I saw Florence Foster Jenkins last night, a fine and enjoyable film based on the true story of a socialite who sang opera in New York in the ’40s, eventually playing Carnegie Hall, despite the fact that she had something of a tin ear…
It also reminded me of the incredibly twisted film Windy City Heat, which Jon Wright gleefully introduced me to while we were in pre-production on Robot Overlords. This faux-documentary is an elaborate prank whereby Bobcat Goldthwait and friends fool comedian and wannabe actor Perry Caravello into thinking that he has the lead role in a crime drama called Windy City Heat and they do everything they can to sabotage his dream…
Intriguingly, even after she had heard herself sing on a record, Jenkins still couldn’t discern that there was a problem with her singing, and Perry doesn’t think that he’s a bad actor. And what’s really fascinating is that both of them have just enough talent, the tiniest sliver of ability, to make them think that they can actually achieve their ambitious dreams.
Making Robot Overlords was a dream come true. A British science fiction family epic, with huge stars, a great cast, a decent budget, and a fantastic crew. But I have to confess that while watching Windy City Heat there came a point where I wondered if this was Jon’s way of breaking it to me that the whole project was an elaborate prank, that it really was too good to be true… Thankfully, it wasn’t, and I’m an idiot to think so, but that was just me entertaining the poisonous friend of artist’s everywhere: paranoia.

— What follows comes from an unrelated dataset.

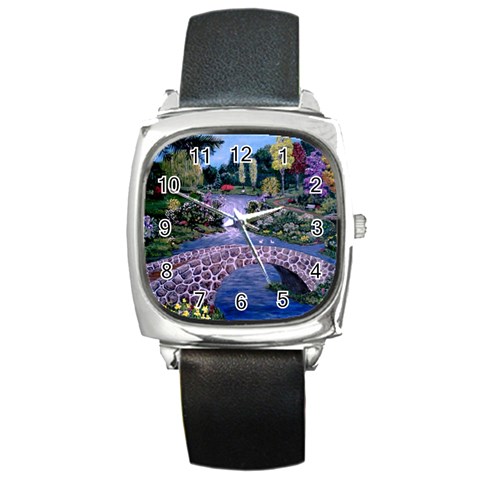 My Garden By Ave Hurley Ah 001 163 Original 1 45mg Square Metal Watch from ArtsNow.com Front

I’ve yet to meet an artist or creative type who hasn’t feel like a fraud at some point, usually when the rejections, failures and doubts feed the paranoia to a degree where they think they’re a talentless hack. I get it on a regular basis.
Paranoia’s evil twin is delusion. ‘I can do that!’ is my default answer to any challenge, but there comes a time when confidence becomes hubris and you fall flat on your face.
Both can be crippling if you surrender to them, but I encounter them so often now that I think I can cope with both their peaks and troughs, and I’ve found the best way to do this is to use them as creative fuel:
Hubris and delusion are great when I’m faced with a challenge. Can I write this pitch/script/book/comic? Hell, yeah! I can do anything! I hitch a ride on that boost of confidence and get it all on the page and screw the consequences.
Paranoia and self-doubt are useful when it comes to editing. That awesome piece of work I did yesterday? Dear God, it’s a piece of crap. You’re hopeless. Do better! Instead of wallowing in pity, I try and use the critical faculties of paranoia to improve what’s already on the page.
I try to step back and see my work as objectively as possible, but it’s simply impossible to be certain, and I’ve had strangers tell me that they love my work, and I’ve had two-star reviews where they found it dull. Who can ever really know?
But, like Florence and Perry, I enjoy what I do. I write every single day and I love it. Florence sums it up perfectly, ‘People may say I can’t sing,’ she said, ‘but no one can ever say I didn’t sing.’